In some countries, giving monetary incentives for sterilization is illegal, but in India, it’s the norm. It’s not only the women who get cash but the health workers (if they can convince a woman to undergo sterilization) who get rewarded as well. Some women are unwilling to undergo the procedure, but they are forced by their husbands because of the monetary reward. Oddly, it’s not only cash that these poor, gullible women and their families get. TVs, motorcycles, food blenders, and even cars have been given as incentives.
2 Installing Blue Streetlights
Blue might seem a bizarre color for lighting, but several experts have suggested that using this hue to illuminate streets and train stations could help to solve two rampant global problems: street crimes and suicides. In 2000, Glasgow, Scotland, installed blue streetlights all over the city to beautify its landscapes.
After the lighting fixtures were installed, something surprising happened. The number of crimes in places where the blue lights were set up noticeably decreased. Inspired by these unexpectedly positive results, the police force of Nara, Japan, installed blue streetlights throughout the prefecture in 2005. Once again, the crime rate mysteriously dropped. This time, the number of crimes decreased by 9 percent.
Aside from street crimes, blue lights have also been found to prevent suicides. Several railway companies, such as Keihin Electric Express Railway Company in Japan, have set up blue lights at stations in an effort to stop people from jumping in front of trains. According to the company, “no suicide attempts have occurred” since the blue lights were installed.

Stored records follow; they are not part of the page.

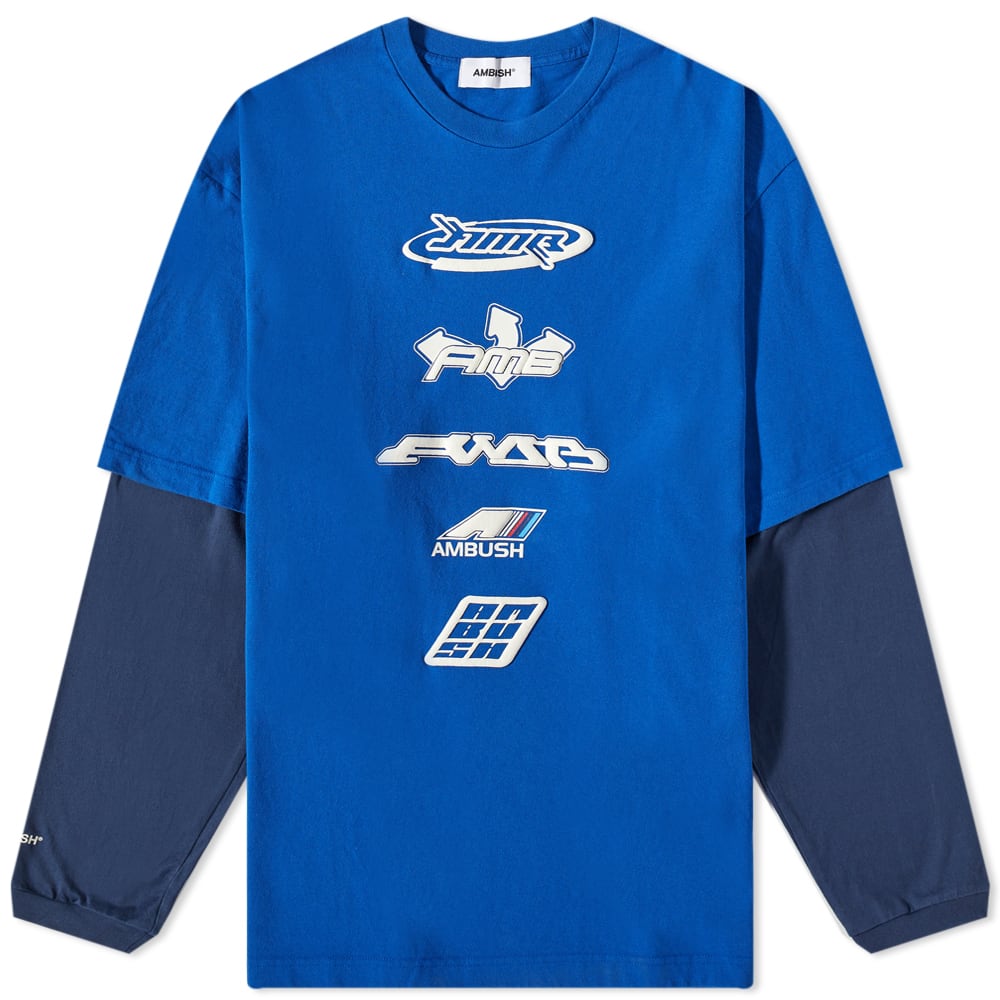 Ambush Long Sleeve Graphic Mix T-Shirt Blue | END.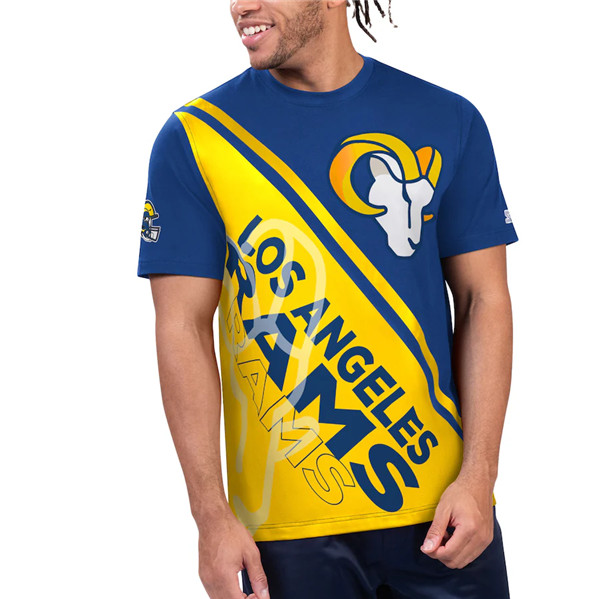 Men's Los Angeles Rams Blue/Yellow Starter Finish Line T-Shirt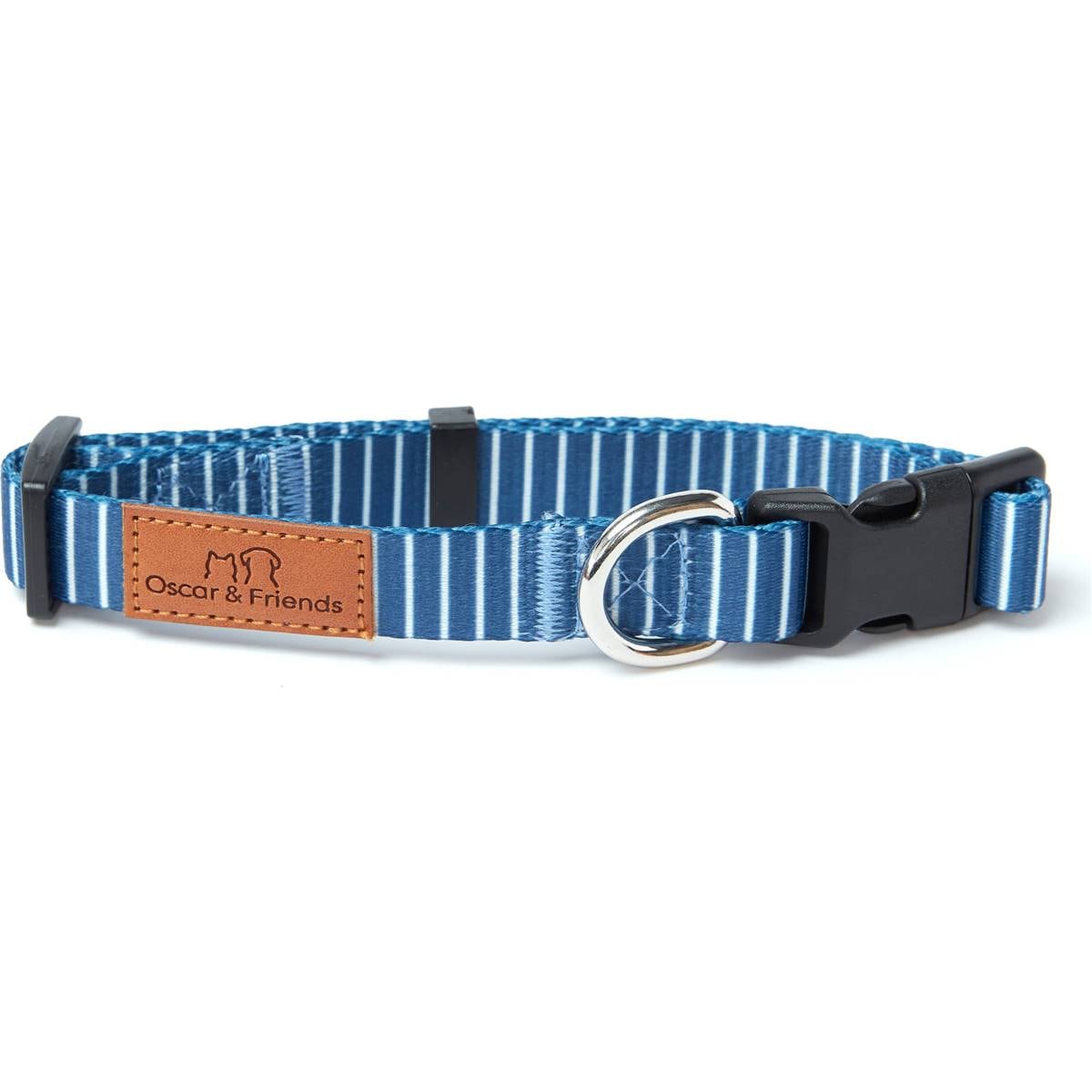 Oscar & Friends Dog Collar Teal Stripe Large Each Woolworths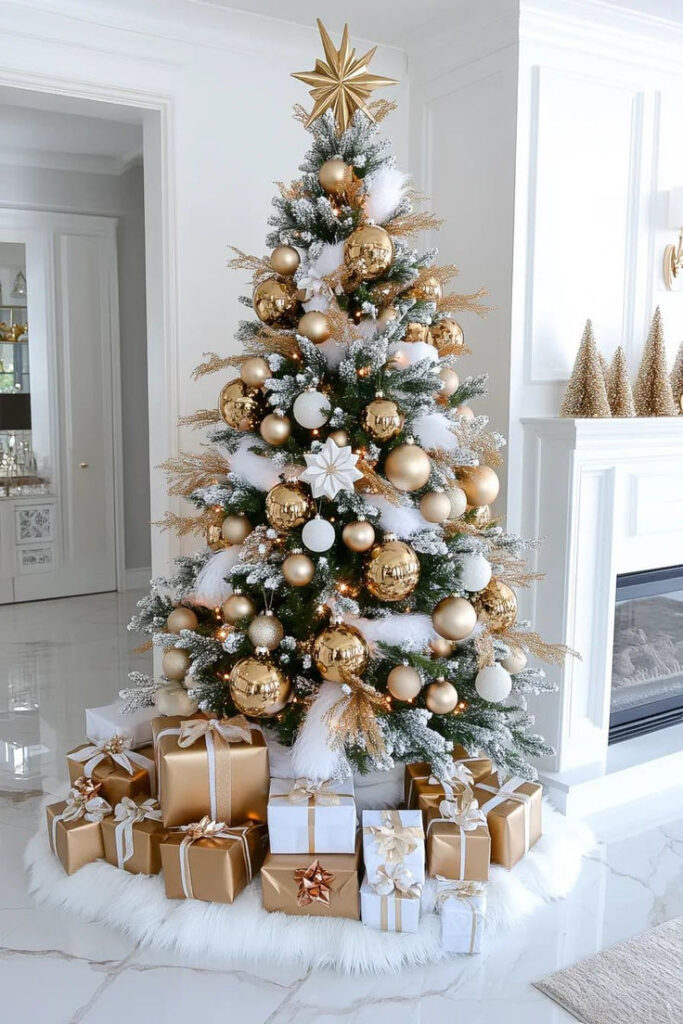 elegant-christmas-tree-decorated-with-gold-and-white-ornaments-warm-lights-and-a-gold-star-topper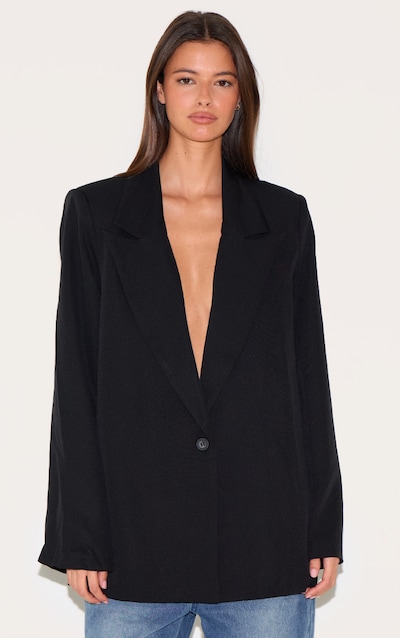 Black Oversized Drapey Button Detail Blazer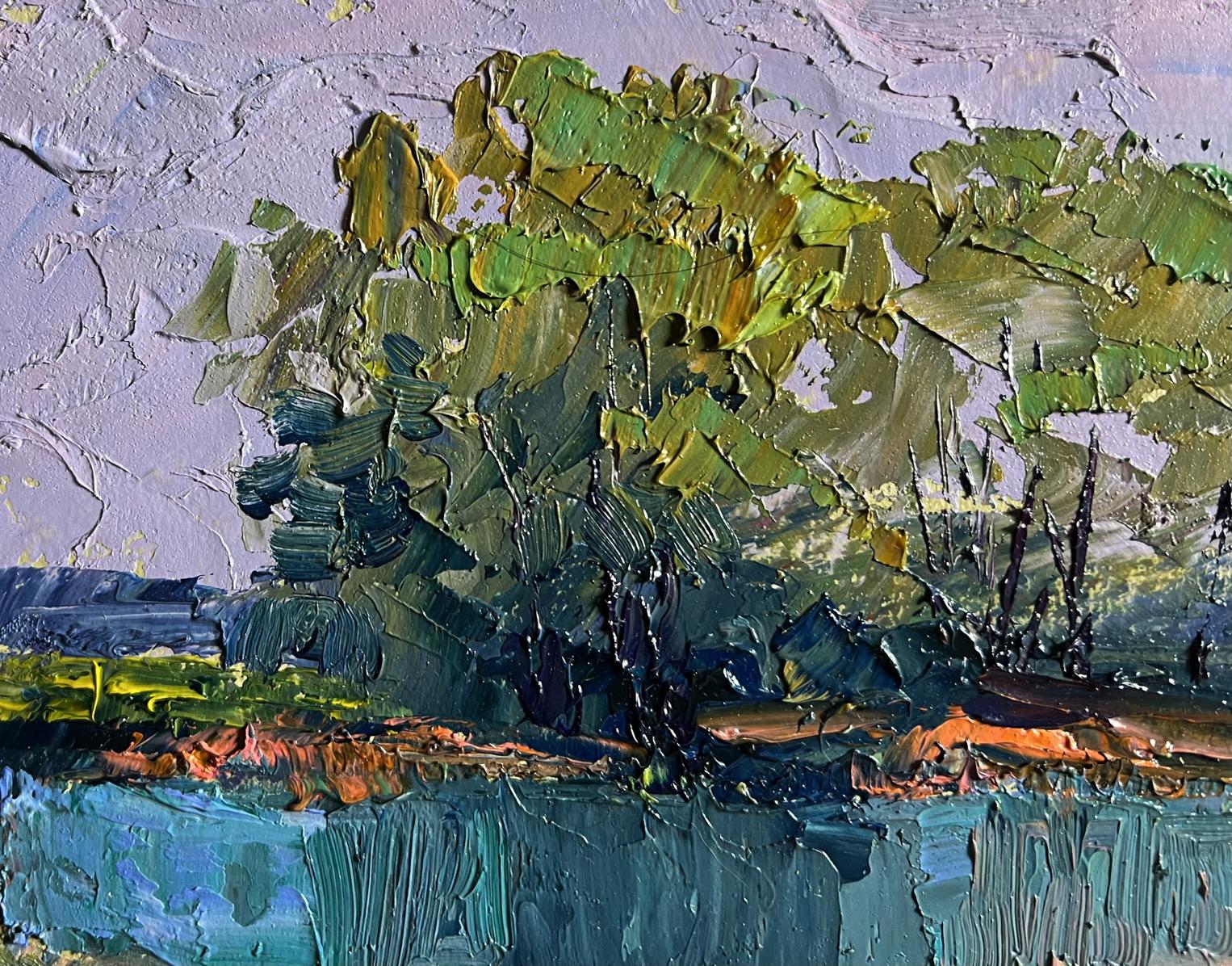 Textured impressionist oil painting On the golden shore by Boris Serdyuk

Professor Tsuneo Suzuki of Keio University attributes the crime-busting and suicide-preventing power of blue lights to the calming effect it has on people. However, he also points out that “it’s a little risky to believe that the color of lighting can prevent anything.”
1 Moving The Earth Away From The Sun
We’ve talked about several extreme solutions to solve global warming, but nothing may compare to the radical idea of moving the Earth away from the Sun. A group of scientists from NASA have proposed the use of comets or asteroids to alter our planet’s orbit and place it in a colder and safer spot within the solar system.
The plan—which was advocated by Greg Laughlin, Don Korycansky, and Fred Adams of NASA’s Ames Research Center—involved the same methods proposed by scientists to change the direction of comets or asteroids heading toward our planet. Basically, an asteroid or comet would be carefully maneuvered so that it passes by Earth very closely and transfers some of its gravitational energy to our planet. If this plan succeeds, the speed of our planet’s orbit would increase and it would move the Earth away from the Sun.
In a perfect world, this plan would succeed and global warming would miraculously be solved. However, in real life, this radical plan is virtually impossible to execute and could lead to catastrophic results. If scientists are not careful in directing the asteroid or comet, it could hurtle directly into Earth, resulting in devastating consequences that we only see in Hollywood movies.
Aside from that, there is also the question of the Moon. It’s common knowledge that the Moon affects some of Earth’s environmental processes. If the distance between our planet and the Moon is altered, then it could radically upset our climate.